No Flash in the Pan: Micro-Fiction
Pascal once apologized for writing a long letter because he didn’t have time to write a shorter one.
Indeed, brevity is the soul of wit, more so with flash fiction (also called postcard fiction or micro-fiction). Often, in just six words or up to 1,000 words, you have to compress a universe, telling a story with characters as real to the reader as a longer short story. It’s possible, it’s not easy, and it takes time.
In this workshop, using a multi-modal approach that uses short films, small-group discussions and writing exercises, author Felix Cheong offers you strategies in writing flash fiction, particularly in creating suspense and twists that keep the reader hooked to the end.
Felix Cheong is the recipient of the Young Artist Award in 2000 conferred by the National Arts Council. He is the author of 19 books across different genres, including poetry, short stories, flash fiction and children’s picture books. His works have been widely anthologised and nominated for literary prizes: His collection of short stories, Vanishing Point, was longlisted for the prestigious Frank O’Connor Award in 2012. In 2003, he won second prize for his short story in the Guinness Write-a-Bestseller competition.

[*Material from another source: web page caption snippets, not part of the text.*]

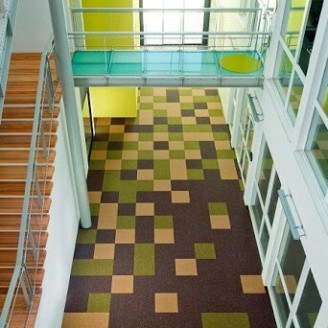 Ковровая плитка Betap Larix 42 оливкового цвета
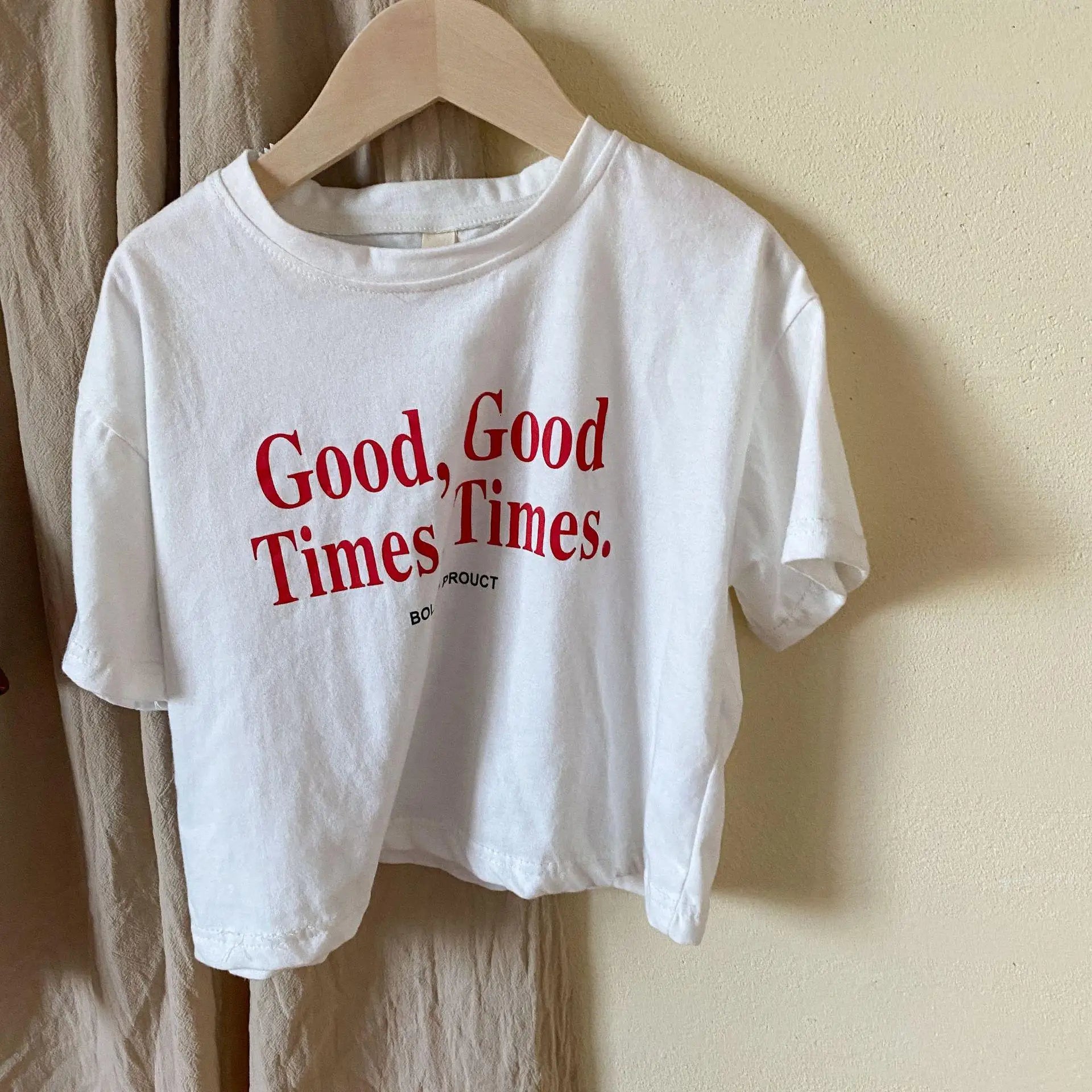 半袖Tシャツ キッズトップス 半袖Tシャツ レターロゴプリント 2カラー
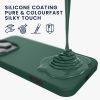 Husa Apple iPhone 16 Pro Max, Verde, Silicon, KWM000022TX010C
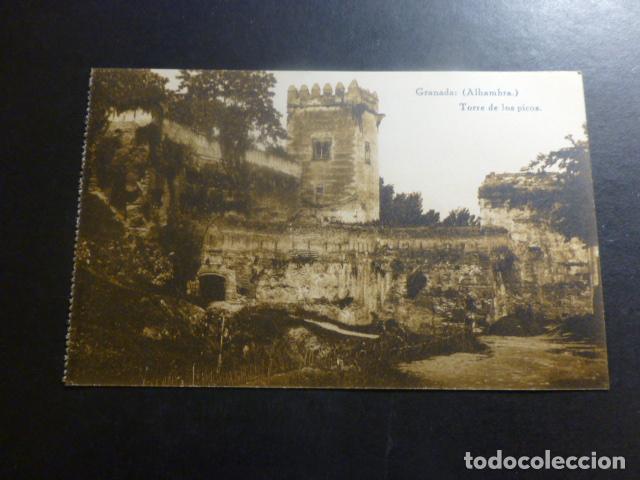 Postales: GRANADA ALHAMBRA TORRE DE LOS PICOS - Foto 1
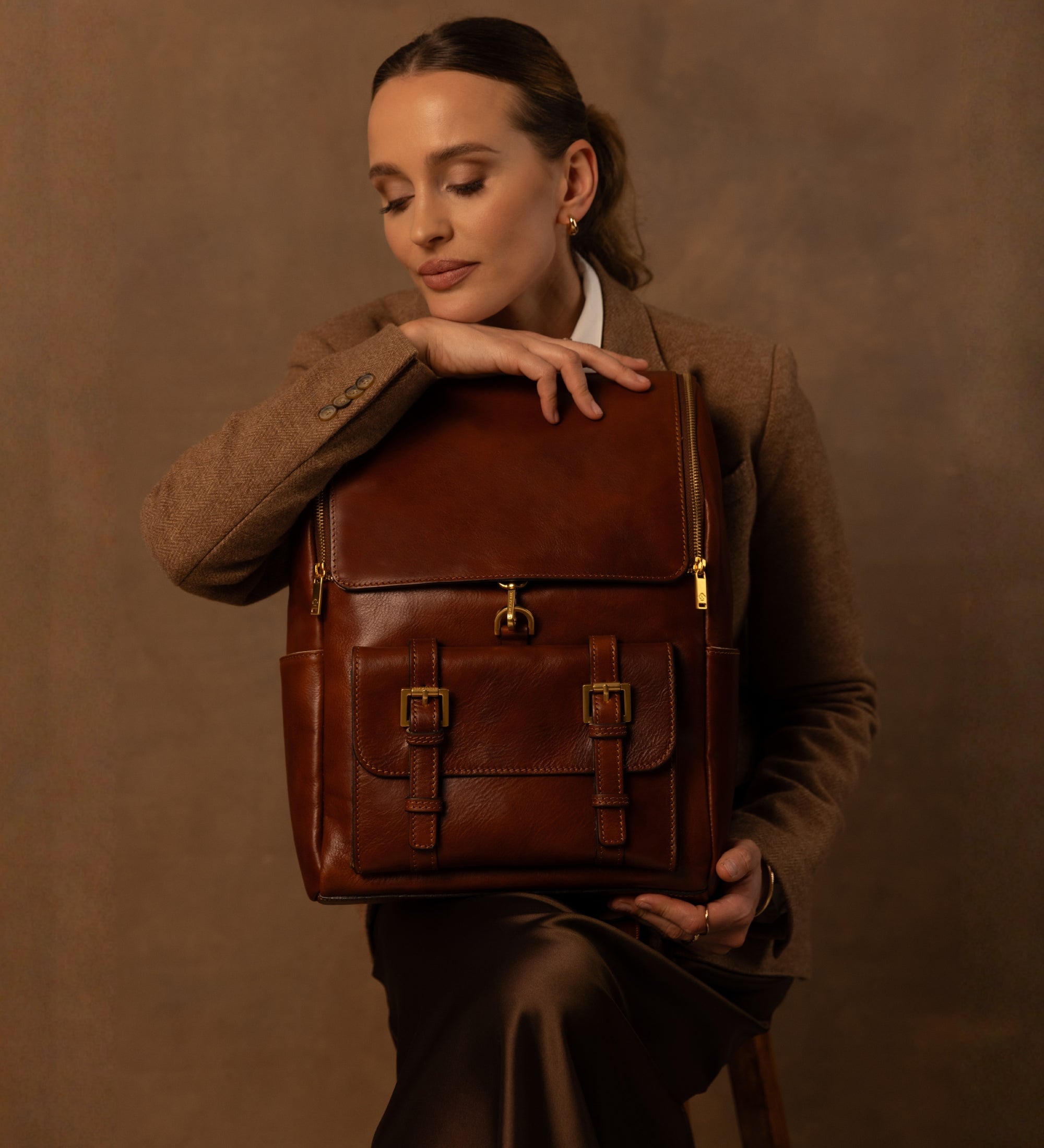 Large Leather Backpack for Women - The Odyssey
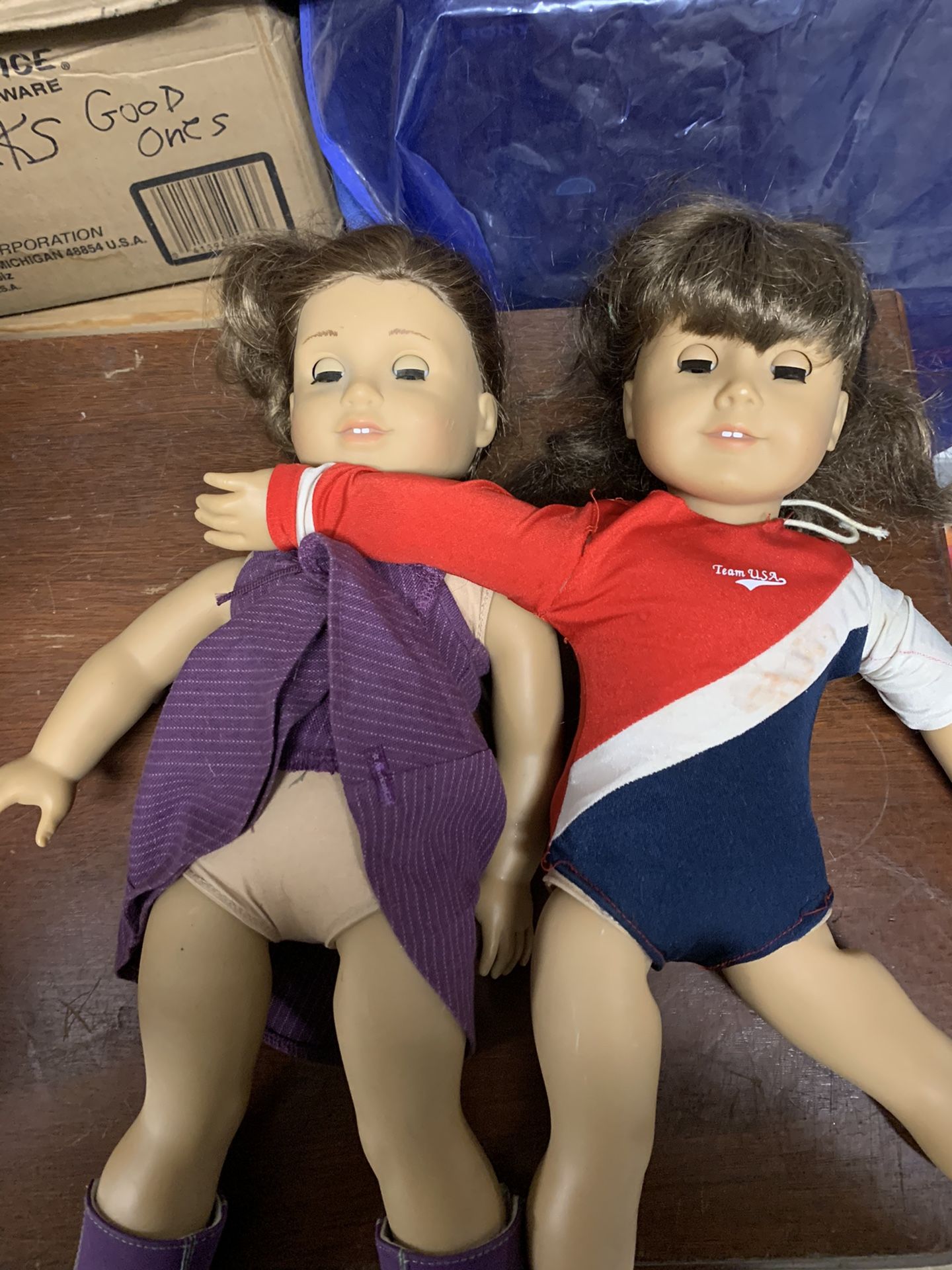 American girl dolls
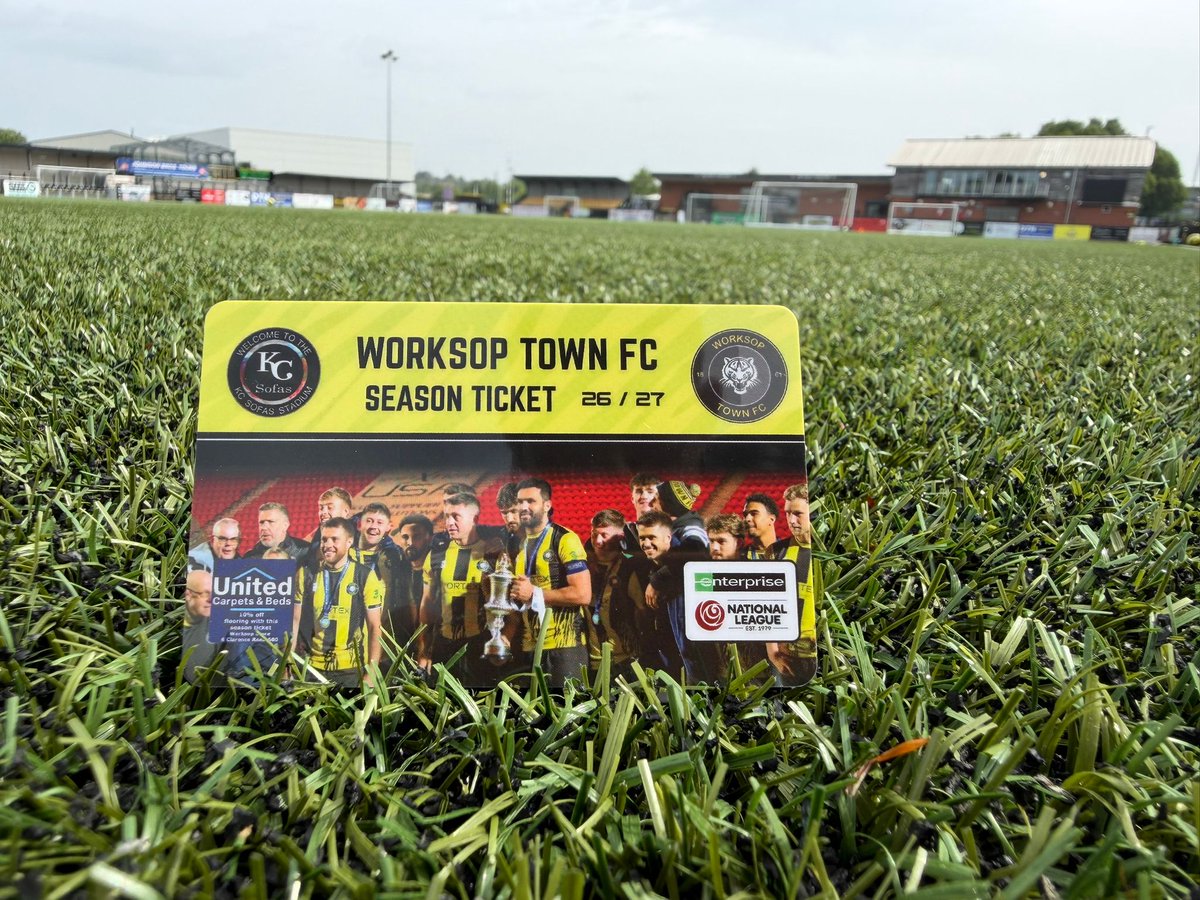 worksoptownfc's tweet photo. 🎟️ This weekend is your first chance to secure your Season Ticket for the 2026/27 campaign!

⏰ Season Tickets will be available from 9:00am - 12:30pm on both Saturday and Sunday in the clubhouse.

Make sure you're there to guarantee your place and back the Tigers!

#UTT 🐯 https://t.co/eArU446wjd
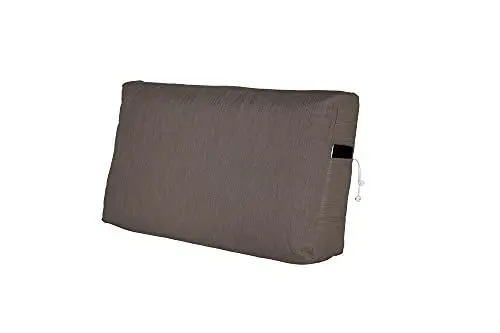 Produktbild: Rückenkissen Lesen Palettenkissen Kopfkissen RückenstützeTasche Pocket Euro Paletten Palettenauflage Sofa Nackenstütze Keilkissen Polstermöbel Schlafzimmer Garten MH-UQ-02 Braun 90x45x10/20 cm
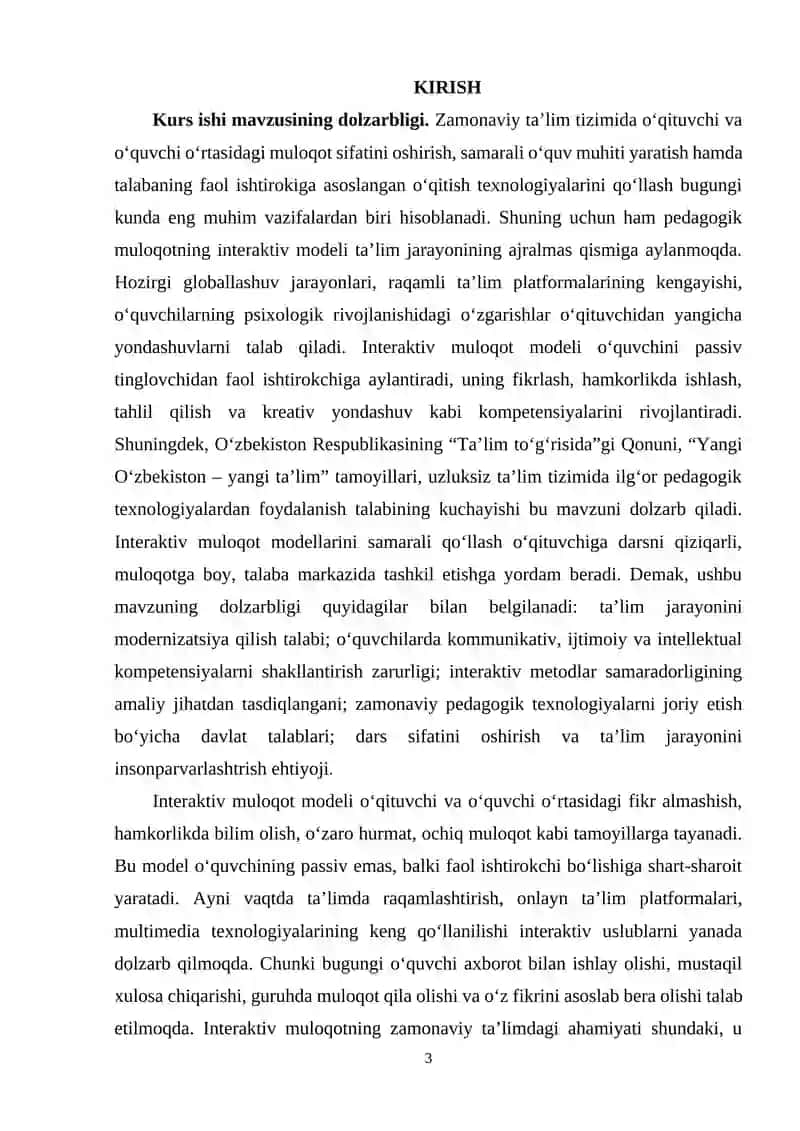 ZAMONAVIY TA’LIMDA PEDAGOGIK MULOQOTNING INTERAKTIV MODELI 3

Two of Felix’s short stories, “True Singapore Ghost Story” and “The Boy with the Missing Thumb”, are currently being studied as Literature texts for the GCE ‘O’ levels. Some of his flash fiction stories from his Singapore Siu Dai trilogy have also been adapted into short films by animation students at LASALLE College of the Arts.
As a writer who believes in giving back to the community, Felix has facilitated numerous short story writing workshops – with LASALLE College of the Arts, the National University of Singapore, the Book Council of Singapore, the National Library Board and The Straits Times. He has also served as a judge for the short story category in the Golden Point Award and the Fiction category in the Singapore Literature Prize.
Felix has been invited to writers festivals all over the world, such as Edinburgh, Austin, Sydney, Brisbane, Christchurch, Ubud, Chengdu, Kuala Lumpur and Hong Kong. He holds a Masters in Creative Writing from the University of Queensland and is currently an associate lecturer with Murdoch University, University of Newcastle, Curtin University and the National University of Singapore.